Tchad : le MPS recadre fermement Saleh Kebzabo et exige une clarification politique

Dans un communiqué rendu public ce samedi 20 décembre 2025, le Secrétaire général du Mouvement Patriotique du Salut (MPS) a rejeté avec la plus grande fermeté les propos qu’il qualifie de « graves, infondés et irresponsables » tenus par le président de l’Union nationale pour le développement et le renouveau (UNDR), Saleh Kebzabo, lors du 7ᵉ congrès de son parti. Ces déclarations faisaient état de prétendues nominations familiales, claniques ou régionales, imputées à des cercles qui « induiraient le Président de la République en erreur ».

Le MPS rappelle que Saleh Kebzabo, ancien président de la coalition Tchad Uni et allié direct du parti au pouvoir, adopte aujourd’hui une posture d’opposant, mettant en garde le Chef de l’État en ces termes : « Votre signature ne doit plus figurer au bas des décrets que l’on vous glisse, où ce sont toujours les mêmes, toujours issus des mêmes régions, des mêmes groupes ethniques, voire des mêmes familles, clans ou sous-clans, sans respect des critères de base. »

En réaction, le MPS affirme que le Président de la République, le Maréchal Mahamat Idriss Déby Itno, assume pleinement ses actes, ses décisions et ses signatures. « Il n’est l’otage de personne, encore moins de clans ou de familles, et n’a de comptes à rendre qu’au peuple tchadien souverain, dans le respect des lois de la République », souligne le communiqué.

Le parti au pouvoir rappelle par ailleurs que l’UNDR est représentée dans plusieurs institutions de la République, notamment au sein du Gouvernement, aux côtés d’autres formations politiques, et qu’elle a bénéficié d’une présence significative dans l’appareil institutionnel.
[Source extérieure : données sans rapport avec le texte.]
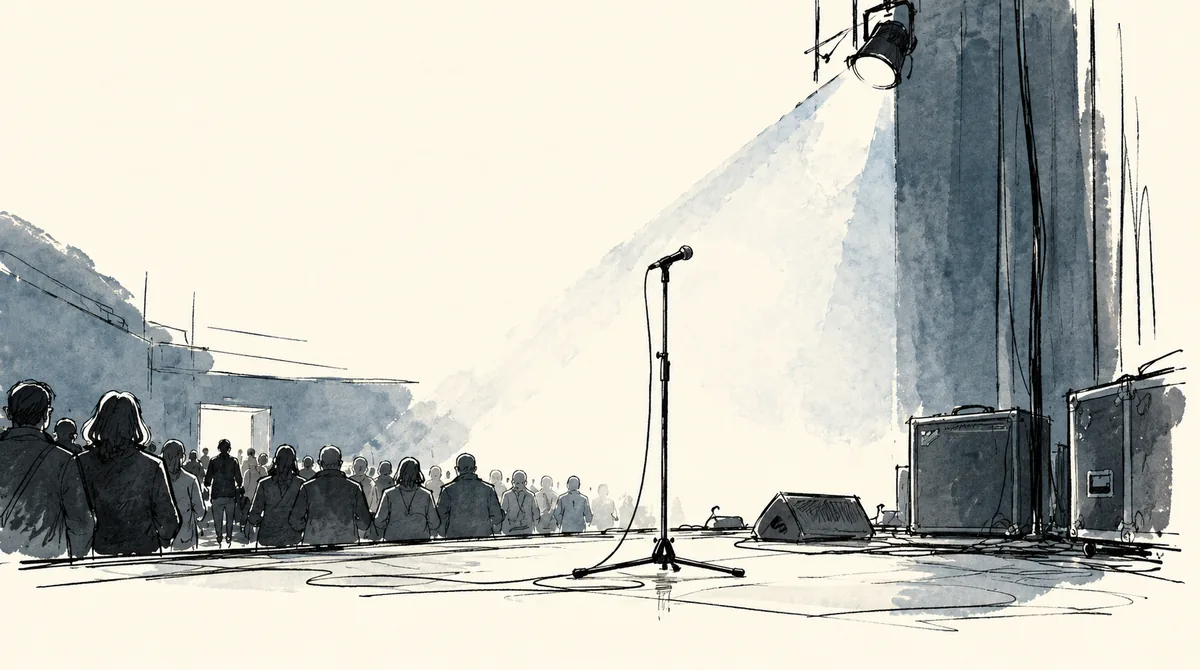 Håndtegnet illustration af en tom mikrofon på scenen, mens publikum tøver ved udgangen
Le MPS dit également s’étonner de voir l’UNDR dont les représentants ont activement participé à la mise en place de l’Agence nationale de gestion des élections (ANGE) à travers le Conseil national de transition qualifier aujourd’hui cette institution de « médiocre », « budgétivore » et soumise à des « forces obscures ».En dépit de ces critiques, des militants de l’UNDR occupent des postes de responsabilité, notamment celui de vice-présidente de l’ANGE et des sièges au Conseil constitutionnel, institution garante de la régularité des processus électoraux.

Face à cette situation, le MPS appelle à la cohérence, au sens de l’État et à la responsabilité. Il juge politiquement et moralement inconcevable de se réclamer durablement de la majorité tout en adoptant des postures d’opposition, ou encore de bénéficier des retombées de l’action gouvernementale tout en s’en désolidarisant publiquement selon les circonstances ou des agendas personnels.

Enfin, le MPS réaffirme son attachement à une alliance fondée sur la sincérité, la solidarité gouvernementale et le respect des institutions ainsi que de l’autorité du Chef de l’État. Il invite, en conséquence, le président national de l’UNDR à lever toute ambiguïté, à assumer clairement sa posture politique et à contribuer, par des positions responsables et sans équivoque, au renforcement de la cohésion nationale.